TEMAS E IDEAS: Dibujos, por Ancrugon


Una de mis principales distracciones, de pequeño, era dibujar sobre hojas de papel de “barba” o colorear los dibujos de los cuentos. Era algo mágico ver como mis seres y mundos imaginarios iban tomando forma sobre el horizonte blanco, y como las historias inventadas fluían y se desarrollaban al ritmo que imponía la tarde.

La caja de colores era para mí una compañera, mi amiga, pues ella me comprendía perfectamente y pintaba mis dibujos según el estado de ánimo en que yo me encontrase. Y cuántas tardes coloreamos atardeceres rojos enmarcados por el hueco de mi ventana y encerrados por sus barrotes, pues debéis de saber que la realidad para mí era el interior de mi casa y lo de fuera, la vida, estaba en la misma dimensión que para el jilguero que cantaba todos los día al amanecer colgado en el balcón desde el cual yo era espectador de las estrellas cada noche y, al igual que él, si yo abría las puertas, la vida podía huir volando libre hacia infinitudes desconocidas.

Aunque mi más fiel camarada era el lápiz, sí, un lápiz oscuro y con tendencia a perder puntas, pero sublime en sus trazos y ágil en los contornos y, como buenos amigos, discutíamos siempre el acabado o el desarrollo o el límite de cualquier figura, pues muchas veces no coincidíamos en la interpretación de nuestro sueño común. Y aquí intervenía otra amiga, con la que ambos compartíamos una relación de amor odio, pues ella era la sabionda, la correctora de nuestros errores en cuyo empeño se le iba la vida, me refiero, como ya supondréis, a la goma de borrar… Y entre tanto, el folio soportaba paciente nuestro arañar y emborronar en su pureza y los colores se adormilaban aburridos a la espera de su momento cumbre creador de alegría, o melancolía, o tristeza..., pues, como ya he dicho, ese arco iris encerrado en cajita de cartón era el intérprete de mis sentimientos momentáneos.

Mis dibujos abarcaban todo el universo de mis imperfectos conocimientos: desde los dinosaurios hasta las naves espaciales, desde la selva hasta castillos y palacios, desde los barcos piratas hasta el más emocionante partido de fútbol. Aunque siempre hubo un acuerdo incorruptible entre mi lápiz y yo: en mis dibujos los indios eran los buenos y el séptimo de caballería los malos, por eso sólo les dibujaba caballos a los indios, unos increíbles caballos salchicha, paticortos y barrigudos que, o bien eran blancos, o bien a manchas, como vacas sin cuernos. Y la sangre, la vital esencia de la vida que manaba de las crueles peleas inspiradas por los westers de ocho milímetros, so convertía, por arte de magia de mis colores, en flores multicolor de un prado imaginario y, por lo tanto, eterno.

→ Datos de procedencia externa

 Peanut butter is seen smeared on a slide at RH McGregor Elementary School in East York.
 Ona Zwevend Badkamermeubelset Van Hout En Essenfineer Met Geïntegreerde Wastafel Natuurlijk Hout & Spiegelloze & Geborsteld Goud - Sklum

Y así transcurrían mis días, encerrado en mí mismo e ignorando que a pocos centímetros estaba ese otro mundo por el que no sabía caminar. Pero ocurrió que una tarde la vi: niña y alegre, hermosa como una mes de mayo con sol, risueña como mi jilguero..., y odié que mi ventana no abarcase todo el horizonte para poder observarla las veinticuatro horas del día, y por la noche la buscaba entre las estrellas de un firmamento que parecía mucho más oscuro y profundo y misterioso sin su sonrisa. Y entonces dudé, dudé si mi realidad era tan real como yo creía y si la vida no sería menos imaginada de lo que yo pensaba, pues ¿cómo podía yo ser capaz de soñar algo tan hermoso? Y me enamoré como se puede enamorar un niño de doce años, con la ansiedad de algo irreparable y con la complicidad de la distancia y el silencio, y con la dulce tortura de la soledad. Y quise dibujarla y pintarla y hacerla recuerdo imperecedero sobre la nieve virgen del folio más puro. Pero mi mente seguía los caminos invisibles que mis ojos no podían trazar sobre aquel helado páramo, y el lápiz me miraba ansioso a la espera de comenzar a caminar, y la goma temblaba ante el terror de mis dudas, y los colores susurraban traviesos arropados en el regazo de su caja protectora. Ante mi impotencia cerré los ojos y su imagen apareció nítida y clara, viva, y el lápiz tomó vida y movió mi mano por los caminos libres de la fantasía entre un silencio expectante. Al volver a abrirlos mis ojos vieron el milagro llenos de asombro, pues en lugar del rostro amado, sobre el papel ahora hecho soporte de una esperanza, aparecía la figura de una paloma en pleno vuelo en dirección a un horizonte soleado.

Entonces tuve la amarga sensación de que yo siempre sería amante de bellas utopías.